When a piece of media captures the public's imagination, it's often because it reflects the zeitgeist and anticipates the future. An inspiring story raises awareness of possibilities, of worlds beyond the one we directly experience and of other ways of living. And, in today's connected world, an American movie can quickly have global impact, shaping the hopes and dreams of millions beyond our borders.
Unfortunately, however, some of the themes that were celebrated in "Frozen" no longer seem to be part of the American dream. Nothing captures the sadness of this moment like one of the powerful images taken at the Tijuana border.
On Sunday, Reuters photographer Kim Kyung-Hoon took a photo of Maria Lila Meza Castro
, a Honduran mother, and her two young daughters. In it, Castro is wearing a "Frozen" T-shirt, in which Elsa and Anna, two of the film's lead characters, gaze happily into the distance. Meanwhile, Castro is running for her life, desperately holding her two young girls -- while all three appear to be fleeing tear gas.

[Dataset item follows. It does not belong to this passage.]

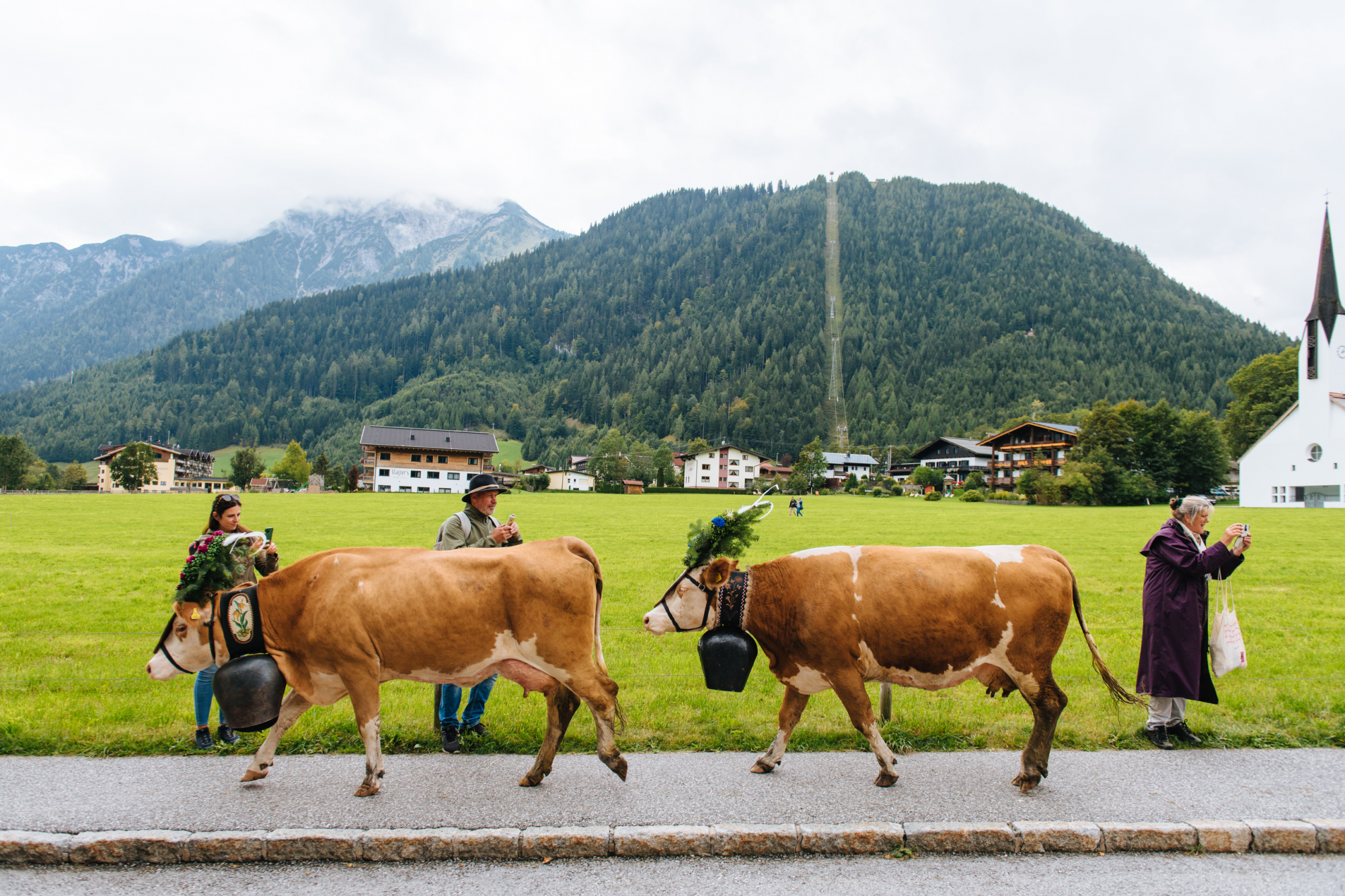 turisti accorsi per almabtrieb, pertisau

The sight is one of bitter irony. After a lengthy and unimaginable trip, these three migrants are attempting to seek asylum, as Castro wears an iconic symbol from an American movie that celebrates freedom and empowerment. But this family is part of a larger caravan of migrants -- a caravan that the President of the United States has referred to as an "invasion" and made good on his promise to send troops to stop.

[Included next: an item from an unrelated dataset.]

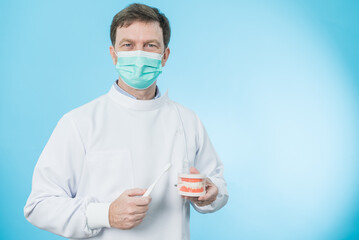 Portrait of Caucasian doctor standing and smiling in blue background. Dentist professional stand holding tooth structure model and toothbrush with smile and looking at camera, Oral care health concept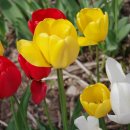 꽃집민박 이미지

The poignancy of this image underlies the clash between fantasy and reality -- and lands with a devastating thud. We are a long way from the America that welcomed my parents
, immigrants who legally came to this country many decades ago. Sadly, the dreams realized by my family may no longer be possible with the immigration policies of the current administration.
It's particularly unsettling because America aims to shape hearts and minds around the world. We package our dreams and sell them on global scale. But the images that the world currently sees -- particularly at our southern border -- are at odds with the stories we tell the world about our country.

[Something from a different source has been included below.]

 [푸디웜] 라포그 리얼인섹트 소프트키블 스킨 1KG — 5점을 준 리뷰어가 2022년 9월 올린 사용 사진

As a former movie executive, a researcher who studies how media affect young people and the current founder of UCLA's Center for Scholars & Storytellers, I know images and stories are extremely powerful. Studies show that stories
even work on a cellular level. Through emotion and relatable characters, media can deeply resonate and encourage attitude and behavior change at a scale that is rarely realized by mere words.
Nonthreatening stories can contain messages which are smuggled in through a compelling narrative that appeals to emotion. And emotion combined with accurate information can be a powerful motivator to change social norms. At their very best, movies can inspire millions of people to be better humans.
It's likely that many of the stories created by the talented filmmakers in Hollywood inspired those seeking a better life to leave their homes and walk thousands of miles to come to the United States. I can picture those two young girls in the powerful photograph back in their home country singing the songs in Frozen and pretending to be Elsa and Anna. Perhaps their mother dreamed of a world where her daughters could move about freely, be educated in a school system that recognizes the equality of girls and live a peaceful life.
When "Frozen" was first released, my sister's daughter said she loved it because "Elsa is happy and free." Indeed, isn't that what everyone wants: to be happy and free?
Unfortunately, the mother in the picture with her two young daughters is unlikely to ever realize the dreams celebrated by the two characters beaming out from her T-shirt -- at least not in 2018 America.